Я «завербовал» Паннвица, его секретаршу фрейлейн Кемпа и радиста Стлука в соответствии с полученным от ГРУ разрешением, обеспечивал их «доставку» в Москву. Как я к ним относился? Мое отношение к Хейнцу Паннвицу, крупному гестаповцу, и другим я, возможно, недостаточно полно, но все же совершенно правдиво, не скрывая ничего из того, что мне стало о них известно, указывал в моем письменном докладе на имя Директора, написанном еще в Париже в мае-июне 1945 г. и привезенном мною вместе с другими материалами в Москву. Все эти материалы были сразу же но прибытии в Москву вместе с Паннвицем, Кемпой и Стлукой перехвачены Абакумовым, организовавшим наш арест еще у трапа только что приземлившегося самолета.

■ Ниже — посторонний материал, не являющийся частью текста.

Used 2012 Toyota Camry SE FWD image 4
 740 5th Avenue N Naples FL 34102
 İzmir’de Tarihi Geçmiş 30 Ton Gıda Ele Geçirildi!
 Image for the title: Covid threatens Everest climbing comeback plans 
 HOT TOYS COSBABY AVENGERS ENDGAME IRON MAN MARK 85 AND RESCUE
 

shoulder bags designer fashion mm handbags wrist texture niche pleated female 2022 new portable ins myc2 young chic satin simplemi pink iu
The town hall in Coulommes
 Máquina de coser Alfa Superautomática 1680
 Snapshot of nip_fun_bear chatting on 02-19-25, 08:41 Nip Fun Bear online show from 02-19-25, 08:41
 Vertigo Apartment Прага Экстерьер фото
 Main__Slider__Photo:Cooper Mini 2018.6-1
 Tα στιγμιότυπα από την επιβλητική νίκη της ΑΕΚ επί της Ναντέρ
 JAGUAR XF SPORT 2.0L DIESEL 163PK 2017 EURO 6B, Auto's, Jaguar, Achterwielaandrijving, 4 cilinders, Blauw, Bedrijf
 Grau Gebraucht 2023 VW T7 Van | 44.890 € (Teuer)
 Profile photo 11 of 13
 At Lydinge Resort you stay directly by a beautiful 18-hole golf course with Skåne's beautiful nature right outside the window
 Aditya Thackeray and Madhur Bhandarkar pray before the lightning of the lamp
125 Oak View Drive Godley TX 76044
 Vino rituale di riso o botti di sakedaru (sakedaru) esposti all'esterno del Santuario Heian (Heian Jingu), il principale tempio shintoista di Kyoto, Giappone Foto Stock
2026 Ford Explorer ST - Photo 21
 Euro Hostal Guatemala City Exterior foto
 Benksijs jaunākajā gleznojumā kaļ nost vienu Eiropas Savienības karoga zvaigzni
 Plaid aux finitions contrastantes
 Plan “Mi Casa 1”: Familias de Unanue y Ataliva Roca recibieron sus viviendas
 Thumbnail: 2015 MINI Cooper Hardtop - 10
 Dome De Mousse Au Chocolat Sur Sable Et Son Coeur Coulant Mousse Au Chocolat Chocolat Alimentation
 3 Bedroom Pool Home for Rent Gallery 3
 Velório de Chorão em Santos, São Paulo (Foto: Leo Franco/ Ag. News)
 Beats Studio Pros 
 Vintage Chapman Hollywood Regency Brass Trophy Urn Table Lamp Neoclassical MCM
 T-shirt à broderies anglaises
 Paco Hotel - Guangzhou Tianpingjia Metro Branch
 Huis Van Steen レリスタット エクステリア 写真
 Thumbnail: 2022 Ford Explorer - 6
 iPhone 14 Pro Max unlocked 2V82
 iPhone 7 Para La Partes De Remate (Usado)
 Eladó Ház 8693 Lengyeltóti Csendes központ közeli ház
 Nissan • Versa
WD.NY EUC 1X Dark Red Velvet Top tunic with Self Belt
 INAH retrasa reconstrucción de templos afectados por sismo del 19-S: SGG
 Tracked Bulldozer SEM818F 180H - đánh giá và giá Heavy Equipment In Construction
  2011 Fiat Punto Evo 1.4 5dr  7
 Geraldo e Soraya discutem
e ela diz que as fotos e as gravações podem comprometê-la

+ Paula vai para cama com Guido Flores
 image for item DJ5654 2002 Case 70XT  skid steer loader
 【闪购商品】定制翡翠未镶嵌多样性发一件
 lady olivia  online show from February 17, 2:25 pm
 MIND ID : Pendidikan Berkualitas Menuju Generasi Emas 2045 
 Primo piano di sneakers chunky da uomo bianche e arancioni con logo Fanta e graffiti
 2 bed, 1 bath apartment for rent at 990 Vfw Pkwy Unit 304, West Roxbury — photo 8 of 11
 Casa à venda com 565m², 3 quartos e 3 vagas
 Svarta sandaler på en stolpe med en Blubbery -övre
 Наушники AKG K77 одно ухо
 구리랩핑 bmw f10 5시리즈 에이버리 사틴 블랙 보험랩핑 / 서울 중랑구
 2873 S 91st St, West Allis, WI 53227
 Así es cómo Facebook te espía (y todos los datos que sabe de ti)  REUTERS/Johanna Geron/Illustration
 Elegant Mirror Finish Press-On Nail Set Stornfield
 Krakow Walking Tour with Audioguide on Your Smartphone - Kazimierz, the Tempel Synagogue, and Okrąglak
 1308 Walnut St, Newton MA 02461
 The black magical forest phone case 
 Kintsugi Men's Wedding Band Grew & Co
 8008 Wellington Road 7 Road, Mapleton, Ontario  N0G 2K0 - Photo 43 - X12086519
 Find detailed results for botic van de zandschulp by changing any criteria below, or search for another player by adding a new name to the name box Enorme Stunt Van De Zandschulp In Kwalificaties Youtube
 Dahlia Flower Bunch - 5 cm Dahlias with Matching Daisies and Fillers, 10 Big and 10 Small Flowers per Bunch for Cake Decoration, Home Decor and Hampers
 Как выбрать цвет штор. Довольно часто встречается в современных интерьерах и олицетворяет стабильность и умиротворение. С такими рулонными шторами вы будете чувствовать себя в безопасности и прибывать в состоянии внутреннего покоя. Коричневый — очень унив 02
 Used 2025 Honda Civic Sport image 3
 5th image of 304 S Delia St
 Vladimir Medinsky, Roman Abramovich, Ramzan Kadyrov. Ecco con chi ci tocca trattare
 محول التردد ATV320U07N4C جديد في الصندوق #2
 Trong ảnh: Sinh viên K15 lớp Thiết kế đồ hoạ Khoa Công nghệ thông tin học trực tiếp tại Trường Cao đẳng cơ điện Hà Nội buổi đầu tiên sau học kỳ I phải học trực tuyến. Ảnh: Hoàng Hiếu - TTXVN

В указанном докладе я приводил все ставшее мне известным о преступных действиях Паннвица и приводил мою собственную оценку его характера с его постоянным стремлением обеспечить себе карьеру. Я указал и все то, что мне было известно к моменту составления доклада не только о Паннвице, но и о фрейлейн Кемпе и Стлуке. Так как о Паннвице и Кемпе я уже достаточно рассказал, мне хочется еще немного остановиться на том, что стало известно о Стлуке.
Стлука служил в уголовной полиции в Австрии радистом (правда, я иногда слышал, что в жандармерии). Продолжал он служить в полиции и после того, как в марте 1938 г. Австрия была оккупирована немецко-фашистскими войсками. После начала войны его, как опытного со стажем радиста, направили в армию – в уже существовавшую службу подслушивания и слежки за появлением в эфире вражеских, нелегальных радиопередатчиков. Затем еще в 1942 г. его прикомандировали к зондеркоманде гестапо в Бельгии. Именно там он начинал принимать участие в радиоигре с «Центром», начатой Константином Ефремовым и Иоганном Венцелем. Затем после перевода зондеркоманды в Париж участвовал в проводимой Гирингом и Леопольдом Треппером радиоигре с «Центром».
Встречи со Стлукой постепенно становились более частыми, в особенности после того, как мы переехали на улицу Курсель. Вскоре я узнал, что он очень переживает свою разлуку с семьей, постоянно проживающей в Австрии.
Не составляло большого труда убедиться, что Стлука оставался верным сыном Австрии. У меня уже не было сомнений, что, хотя и нервничая, Стлука верил в то, что ему удастся доказать в любом случае, а в особенности в случае поражения Германии, что его совесть чиста и участие в сотрудничестве с гестапо, в том числе и в проводимой немцами радиоигре, было вынужденным. Он мог легко доказать, что действовал по приказу, а ослушаться, отказаться от выполнения, безусловно, значило бы, что это приведет его и всю его семью к преследованию. Он знал, сколько людей, проявивших свой патриотизм и уклонившихся от служения оккупантам, было арестовано, а затем загнано в концентрационные лагеря, из которых мало кто возвращался.